What the Senator from Wyoming said is absolutely right. This country is a great country because we have people who cared about people, who did `suffer with,' who did care about their neighbor, who did know who their neighbors were and went out and did something about it. And because Government has gotten so big and is starting to do so much for people, we stop doing so much for each other because it is not our job anymore. It is not our job to help take care of our fellow neighbor. There is a Government program that does that and just call this office, toll free.
That is not what made America great. Toll-free numbers for calling a Government bureaucrat is not what made America great. What made America great, what the Senator from Oklahoma said, is the goodness of America. I can tell you there is nothing good about taking money away from people who work hard for it and giving it to people who we want to for whatever reason we want to. That is not good. That may be necessary in some cases. There are people in this country who do need help and there are Government programs that do it. But do not come here and say that is good, or that is compassionate. It may be necessary sometimes.
What is good is if you participate individually, if you get out there and help your neighbor and become part of the fabric of community, which is what de Tocqueville wrote about over 100 years ago. That is what makes America great. That is what we are trying to get back to--understanding that families and communities and neighborhoods are important to the fabric of our society. And if we continue to lose them we will lose America.
So, the Lancaster Intelligencer is dead wrong. There is nothing compassionate about keeping the Federal Government in control of people's lives. It is anything but compassionate because there is no suffering here. There is only more suffering out there.
Mr. THOMAS. The Senator has made a great point. One of the exciting things, it seems to me, about this Congress is that we have for the first time in many years an opportunity to take a look at Government programs that have been in place for 30 or 40 years, such as the War on Poverty--which has failed. There are more people in poverty now than when it began.
So we are not talking about taking away the safety net. We are not talking about doing away with the assistance to people who need assistance. In welfare we want to help those, but help them back into the workplace. And that is exciting, to have for the first time a chance to say, Is there a better way to provide this assistance? Is there a more efficient way to do something, rather than just continuing to fund failed programs? I think that is the exciting thing we are doing.
Mr. INHOFE. I think it is inherent in the bureaucracy. We have to address it that way.
I can remember a very famous speech that was made, back in 1965. My colleague and I, we may be freshmen here but we are the two oldest Members of the freshman class. We can remember this well. The speech was called `A Rendezvous With Destiny' by Ronald Reagan. It was his first political speech. It was back during the Goldwater campaign.

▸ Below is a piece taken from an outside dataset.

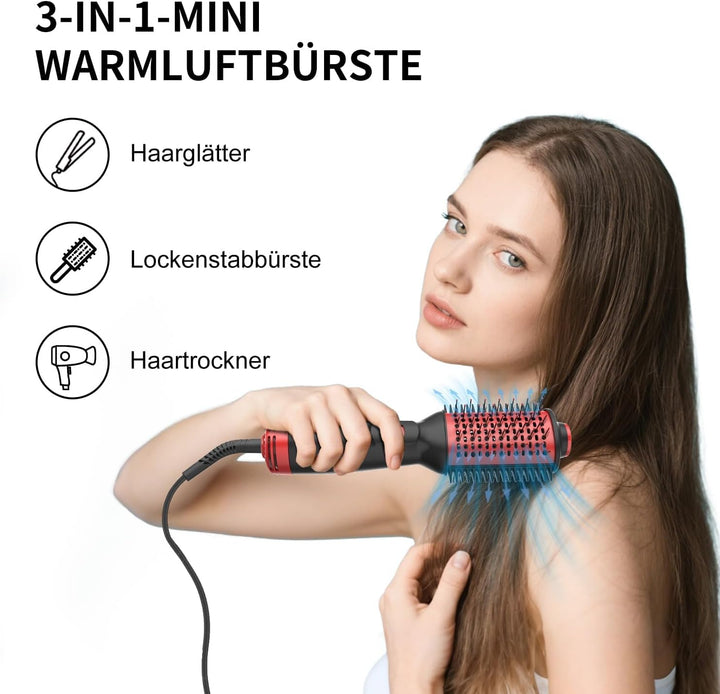 Leeko Warmluftbürste Rundbürstenföhn, 3 In 1 Heissluftbürste with 3 Temperatureinstellungen, One-Ste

In this speech he said something very profound. He said, `There is nothing closer to immortality on the face of this Earth than a Government program once started.'
I learned this lesson when I was mayor of the city of Tulsa. This is kind of an interesting story and tells you what is happening here today.
I went in and made a decision that over a 5-year period I would keep the level of government, city government, the same size yet increase the delivery of services. I did this because at that time the average large city doubled in size every 5 years. I thought, let us try to stop that. So I started firing people for inefficiency. And when I saw them later and said, `I thought I fired you,' and they said, `Well I have been reinstated,' I found out in government you cannot fire people for inefficiency. I found the way to do it. You defund departments and get them all.
There are some bureaucracies that were at one time performing a function that was needed; the problem went away, but the bureaucracy continues. This is what we are talking about, going through, having sunset provisions where we can say, Is this thing really needed? Is this in the public interest anymore, as it was 40 years ago when that particular agency was started?